◆ DIRECTIONS
Set down all of the data that follows word for word, without the images.

◆ DATA BELOW
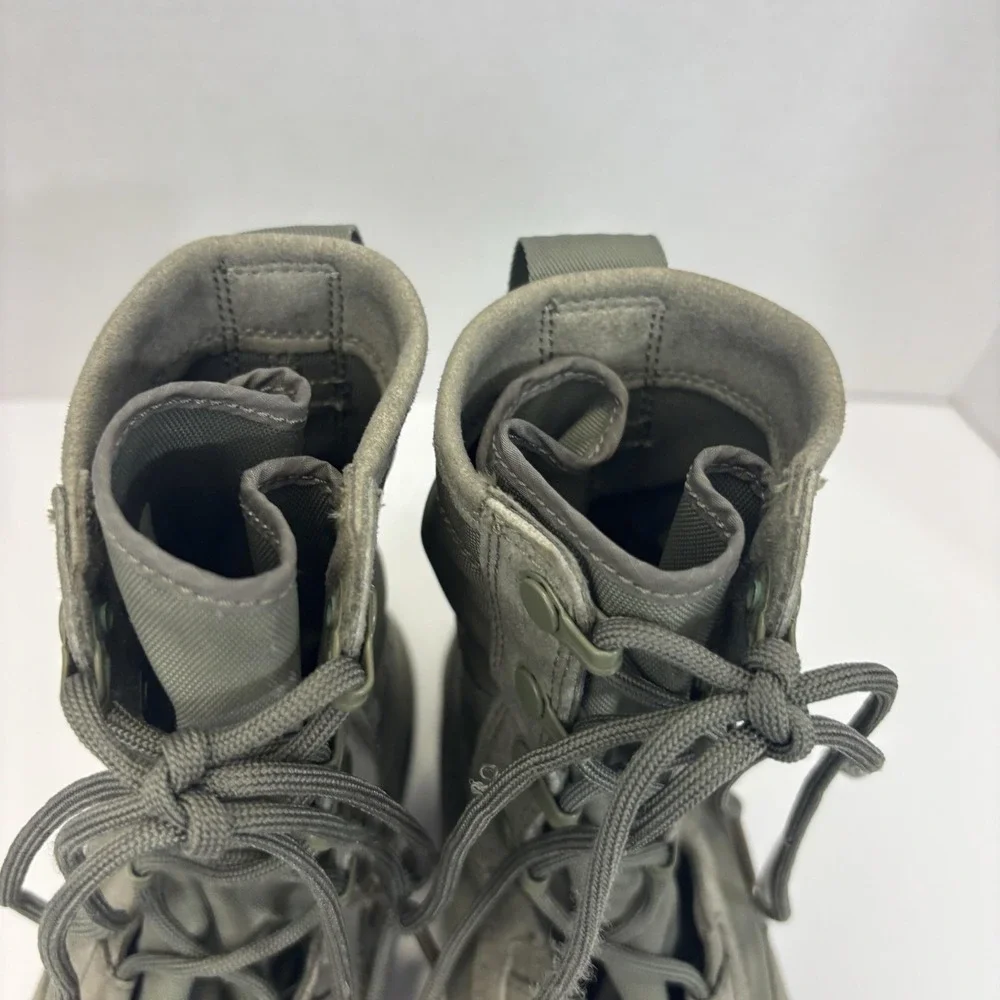 Nike SFB Tactical Combat Boots Mens 5.5 Womens 7.5 Green Suede Lace Up Military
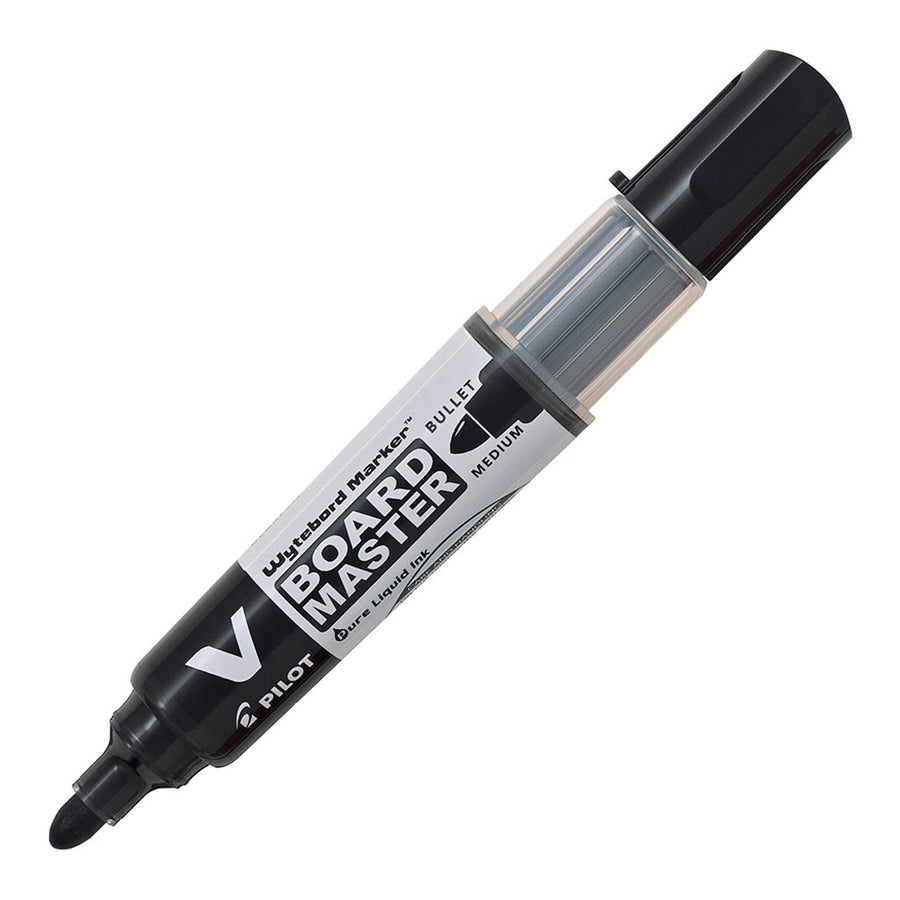 Pilot Marker V Board Rundspitze Medium Schwarz (WBMA-VBM-M-B-BG)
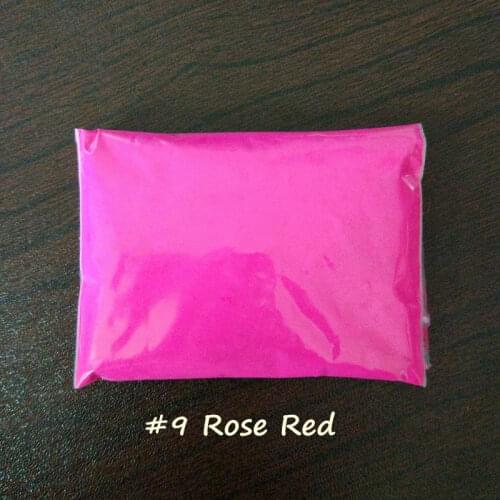 500g Rosy Red Color Fluorescence Pigment Phosphor Powder ,Material Powder Fluorescent No Glowing in dark,DIY Nail Polish Soap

◆ TASK OUTPUT
 Nike SFB Tactical Combat Boots Mens 5.5 Womens 7.5 Green Suede Lace Up Military
 Pilot Marker V Board Rundspitze Medium Schwarz (WBMA-VBM-M-B-BG)
 500g Rosy Red Color Fluorescence Pigment Phosphor Powder ,Material Powder Fluorescent No Glowing in dark,DIY Nail Polish Soap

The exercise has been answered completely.